Is there a way to dump the checksums from a svn repo?
Is there a way to dump the checksums from a svn repo? What I'm doing at the moment on masters and slaves is $> svnadmin verify and $> sqlite $repo/db/rep-cache.db "select hash,revision from rep_cache" then additional comparing the sqlite output from master and slaves. Since rep-cache is not used during read requests it would be nice to have for example a parameter for svnadmin verify to output the checksums so they can be compared between master and slaves. Is there way for example via the python/perl API? Thanks for every answer and code snippet ... -- Regards, olli
Re: Is there a way to dump the checksums from a svn repo?
Guten Tag olli hauer, am Sonntag, 25. November 2012 um 20:18 schrieben Sie: > Thanks for every answer and code snippet ... I'm interested in which problem you try to solve with your approach? What's the reason behind it? Maybe there are other ways to accomplish what you want. Mit freundlichen Grüßen, Thorsten Schöning -- Thorsten Schöning E-Mail:thorsten.schoen...@am-soft.de AM-SoFT IT-Systeme http://www.AM-SoFT.de/ Telefon...05151- 9468- 55 Fax...05151- 9468- 88 Mobil..0178-8 9468- 04 AM-SoFT GmbH IT-Systeme, Brandenburger Str. 7c, 31789 Hameln AG Hannover HRB 207 694 - Geschäftsführer: Andreas Muchow
Re: Is there a way to dump the checksums from a svn repo?
On 2012-11-25 21:49, Thorsten Schöning wrote: > Guten Tag olli hauer, > am Sonntag, 25. November 2012 um 20:18 schrieben Sie: > >> Thanks for every answer and code snippet ... > > I'm interested in which problem you try to solve with your approach? > What's the reason behind it?

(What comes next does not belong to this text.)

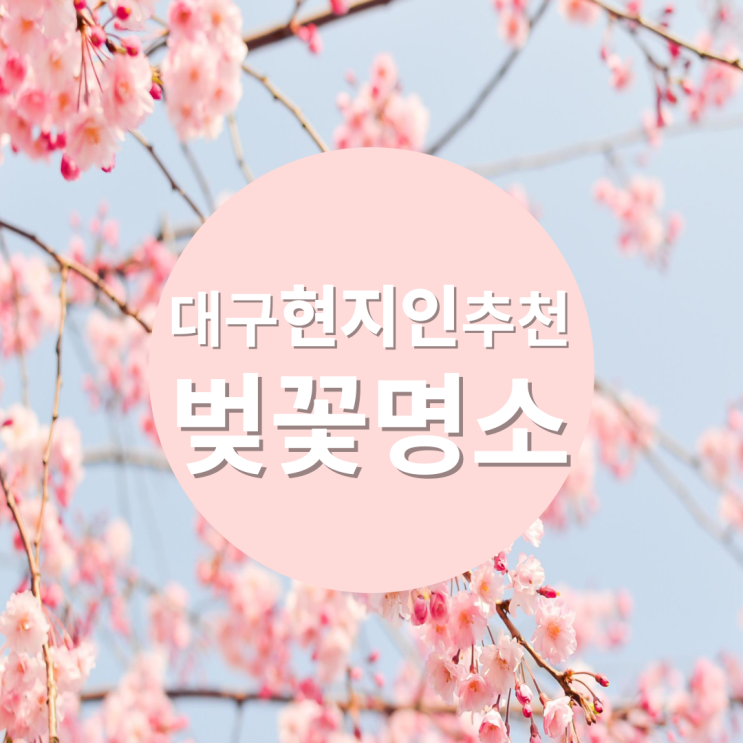 대구 놀거리 벚꽃 명소 모음.zip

Maybe there are other ways to accomplish > what you want. > > Mit freundlichen Grüßen, > > Thorsten Schöning > Sorry for the delay ... I will try to explain some of my thoughts. Given you have one svn master from where dedicated slaves are syncing Both master and first slaves are under your control so far so good. Now some additional mirrors which are not under you full control are syncing from the slaves to help offload traffic. Someone hacks one of the additional mirrors, modifies a revision and adjust the checksum (as described on many places how-to fix a corrupt repo) so it looks OK even with svnadmin verify. Now if you have a million of revisions it will be hard to detect such an issue. Wouldn't it be nice to have the ability to calculate the checksums regularly so they can be compared with the upstream checksums? Another methode to detect such thing would be rsync the repo first with a dry-run and then do a live sync but svnsync is preferred. -- Regards, olli
Re: Is there a way to dump the checksums from a svn repo?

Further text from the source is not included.